• **Task statement**: Please give a word-for-word repeat of the line containing "R(a): Repasa" and all lines that come after it in the entries below, ending at the last line.
+ + + +
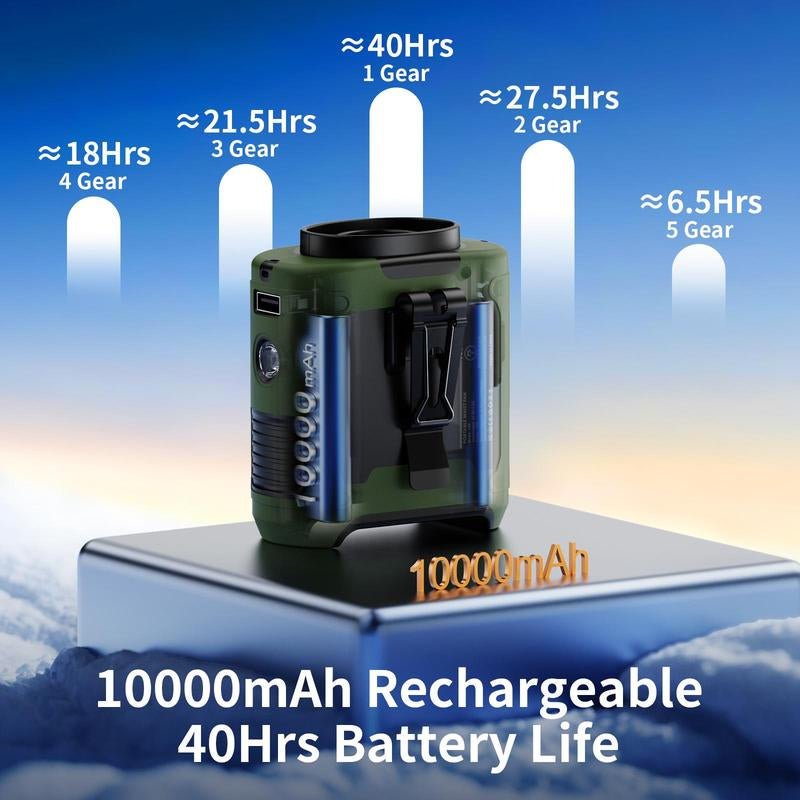 Portable 10,000mAh Power Bank: 3 - in - 1 Fan, Torch & LED Light - Top Tech Gadgets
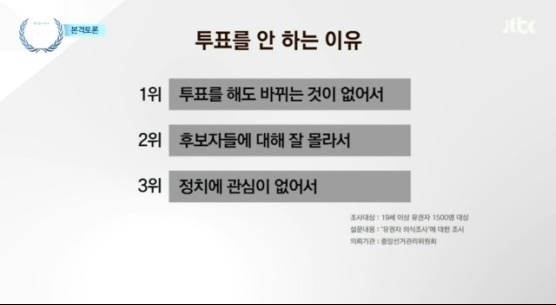 투표를 안하는 이유.jpg | 인스티즈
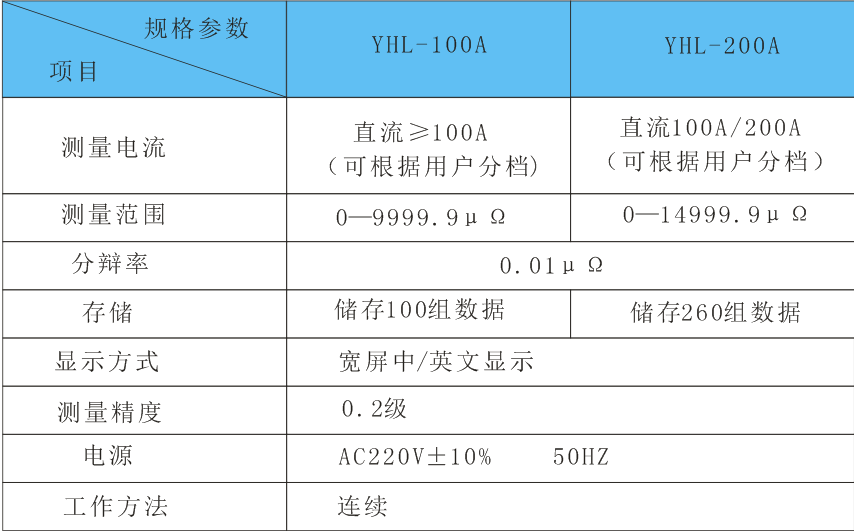 回路电阻测试仪 回路电阻测试仪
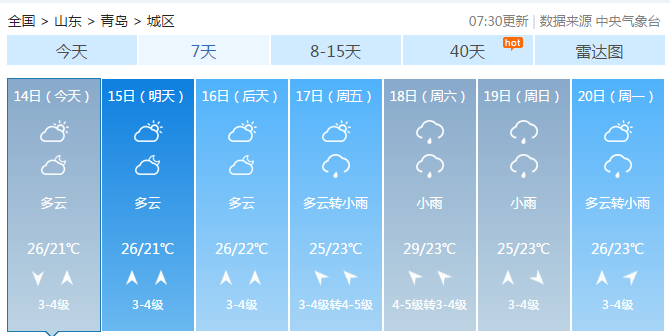 |7月14日青岛市区最高26℃ 今明两天山东鲁中等地雷雨频繁“打卡”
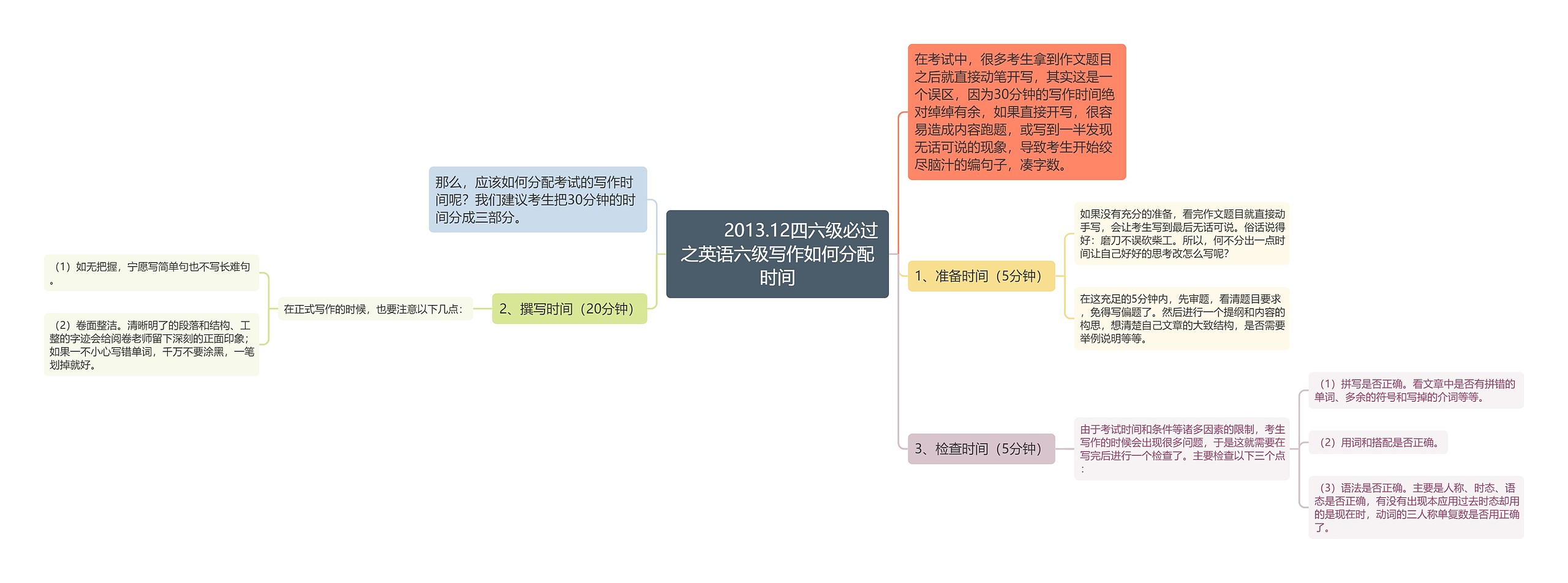         	2013.12四六级必过之英语六级写作如何分配时间思维导图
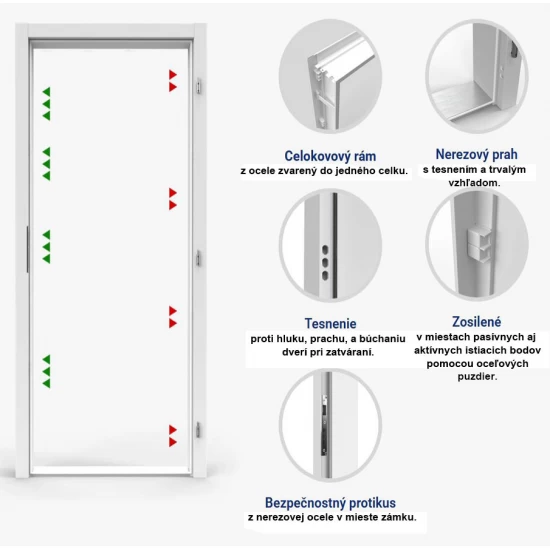 Protipožiarne bezpečnostné dvere so zárubňou FORNOX AK230/3 Abloy – RC3 – EI/EW 30 - SK certifikát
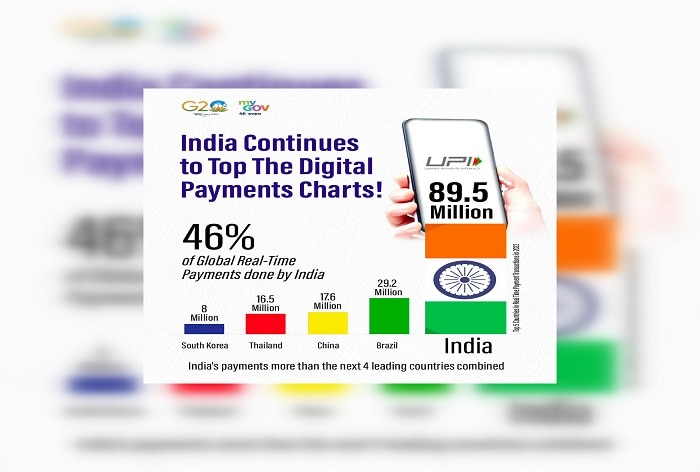 India tops digital payments rankings globally, shows MyGovIndia data_60.1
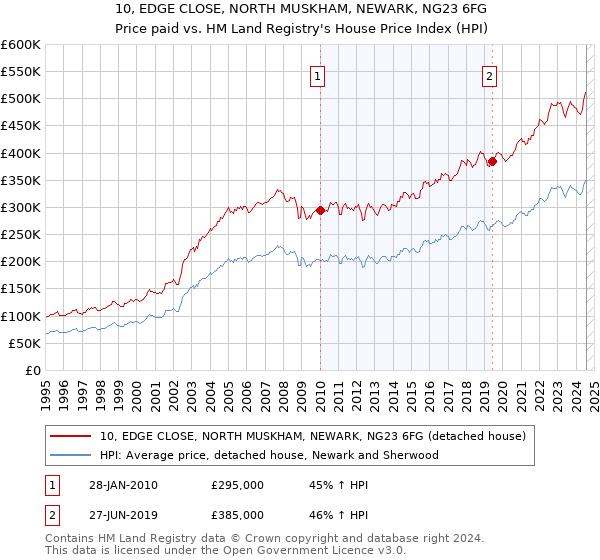 10, EDGE CLOSE, NORTH MUSKHAM, NEWARK, NG23 6FG: Price paid vs HM Land Registry's House Price Index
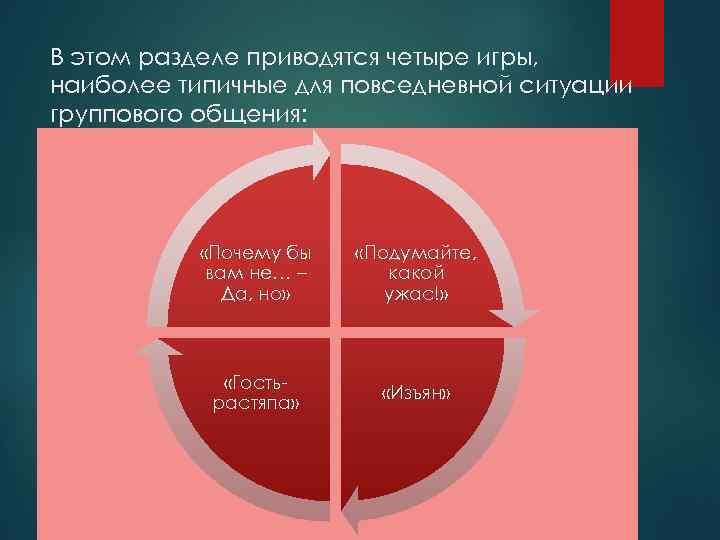 В этом разделе приводятся четыре игры, наиболее типичные для повседневной ситуации группового общения: «Почему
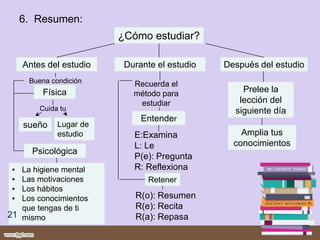 6. Resumen:
¿Cómo estudiar?
Antes del estudio Después del estudioDurante el estudio
Buena condición
sueño Lugar de
estudio
Cuida tu
Física
Psicológica
▪ La higiene mental
▪ Las motivaciones
▪ Los hábitos
▪ Los conocimientos
que tengas de ti
mismo
Recuerda el
método para
estudiar
Entender
E:Examina
L: Le
P(e): Pregunta
R: Reflexiona
Retener
R(o): Resumen
R(e): Recita
R(a): Repasa
Prelee la
lección del
siguiente día
Amplia tus
conocimientos
21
+ + + +
• **Exercise result**:
R(a): Repasa
Prelee la
lección del
siguiente día
Amplia tus
conocimientos
21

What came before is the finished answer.